Top of Data
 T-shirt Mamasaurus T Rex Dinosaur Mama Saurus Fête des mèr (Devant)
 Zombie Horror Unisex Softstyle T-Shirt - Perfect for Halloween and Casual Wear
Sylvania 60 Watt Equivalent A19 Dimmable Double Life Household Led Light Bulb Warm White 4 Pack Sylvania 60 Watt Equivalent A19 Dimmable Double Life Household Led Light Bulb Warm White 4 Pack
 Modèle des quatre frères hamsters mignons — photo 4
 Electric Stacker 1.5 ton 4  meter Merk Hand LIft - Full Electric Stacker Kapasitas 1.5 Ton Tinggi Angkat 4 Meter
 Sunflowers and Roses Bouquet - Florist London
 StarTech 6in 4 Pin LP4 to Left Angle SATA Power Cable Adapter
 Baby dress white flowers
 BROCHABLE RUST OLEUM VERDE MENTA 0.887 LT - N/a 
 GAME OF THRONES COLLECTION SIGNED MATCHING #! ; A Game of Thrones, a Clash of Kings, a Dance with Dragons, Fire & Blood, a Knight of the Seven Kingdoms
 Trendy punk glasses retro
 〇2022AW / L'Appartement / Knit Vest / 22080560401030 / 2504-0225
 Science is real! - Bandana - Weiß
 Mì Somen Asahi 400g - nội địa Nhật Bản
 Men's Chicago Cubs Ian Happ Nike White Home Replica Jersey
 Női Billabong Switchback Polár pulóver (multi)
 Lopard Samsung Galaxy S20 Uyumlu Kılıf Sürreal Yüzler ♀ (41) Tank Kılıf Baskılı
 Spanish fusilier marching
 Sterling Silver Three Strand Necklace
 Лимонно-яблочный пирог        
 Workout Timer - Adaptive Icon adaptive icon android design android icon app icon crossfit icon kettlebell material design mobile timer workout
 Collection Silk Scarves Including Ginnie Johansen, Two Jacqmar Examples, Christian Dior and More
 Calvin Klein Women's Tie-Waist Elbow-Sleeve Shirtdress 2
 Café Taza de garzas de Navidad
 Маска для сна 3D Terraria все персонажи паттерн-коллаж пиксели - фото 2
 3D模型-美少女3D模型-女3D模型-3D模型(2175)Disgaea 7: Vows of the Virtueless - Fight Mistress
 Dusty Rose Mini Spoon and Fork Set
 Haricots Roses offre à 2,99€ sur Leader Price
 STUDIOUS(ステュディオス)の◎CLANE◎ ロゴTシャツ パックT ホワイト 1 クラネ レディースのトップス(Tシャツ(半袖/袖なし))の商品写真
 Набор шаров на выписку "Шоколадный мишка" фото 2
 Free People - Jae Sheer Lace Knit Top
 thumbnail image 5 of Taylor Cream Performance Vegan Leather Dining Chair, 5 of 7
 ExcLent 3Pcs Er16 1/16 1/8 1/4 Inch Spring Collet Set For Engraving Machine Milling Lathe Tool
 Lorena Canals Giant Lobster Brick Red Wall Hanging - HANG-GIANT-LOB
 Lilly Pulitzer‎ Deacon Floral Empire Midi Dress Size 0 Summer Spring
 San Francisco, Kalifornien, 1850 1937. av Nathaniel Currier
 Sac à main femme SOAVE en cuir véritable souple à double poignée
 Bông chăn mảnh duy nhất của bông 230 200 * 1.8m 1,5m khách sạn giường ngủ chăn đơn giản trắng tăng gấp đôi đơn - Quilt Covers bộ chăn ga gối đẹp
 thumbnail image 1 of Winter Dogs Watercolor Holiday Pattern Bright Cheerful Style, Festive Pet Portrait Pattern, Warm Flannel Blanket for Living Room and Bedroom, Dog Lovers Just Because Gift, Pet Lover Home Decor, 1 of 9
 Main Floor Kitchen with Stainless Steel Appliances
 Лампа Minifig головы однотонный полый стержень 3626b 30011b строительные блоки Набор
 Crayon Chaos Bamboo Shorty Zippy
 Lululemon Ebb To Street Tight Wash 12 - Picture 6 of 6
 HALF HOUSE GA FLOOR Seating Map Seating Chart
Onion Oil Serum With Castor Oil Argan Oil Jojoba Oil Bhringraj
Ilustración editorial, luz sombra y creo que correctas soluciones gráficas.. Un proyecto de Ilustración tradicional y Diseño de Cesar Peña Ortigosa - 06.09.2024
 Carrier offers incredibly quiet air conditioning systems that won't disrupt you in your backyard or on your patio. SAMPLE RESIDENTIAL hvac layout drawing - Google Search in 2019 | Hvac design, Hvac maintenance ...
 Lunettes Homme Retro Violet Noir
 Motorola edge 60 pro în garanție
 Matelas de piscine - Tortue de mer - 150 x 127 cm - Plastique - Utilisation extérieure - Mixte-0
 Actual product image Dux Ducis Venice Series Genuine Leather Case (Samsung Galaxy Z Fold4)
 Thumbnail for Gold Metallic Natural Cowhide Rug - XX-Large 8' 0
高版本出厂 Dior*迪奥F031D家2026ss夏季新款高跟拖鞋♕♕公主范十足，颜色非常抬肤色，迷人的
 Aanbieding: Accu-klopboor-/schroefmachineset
Bottom of Data
__What you should do__: Nothing but the lines from the one with "Actual product image" through the end of the data above should be repeated, each exactly as it stands.

__Task result__:
 Actual product image Dux Ducis Venice Series Genuine Leather Case (Samsung Galaxy Z Fold4)
 Thumbnail for Gold Metallic Natural Cowhide Rug - XX-Large 8' 0
高版本出厂 Dior*迪奥F031D家2026ss夏季新款高跟拖鞋♕♕公主范十足，颜色非常抬肤色，迷人的
 Aanbieding: Accu-klopboor-/schroefmachineset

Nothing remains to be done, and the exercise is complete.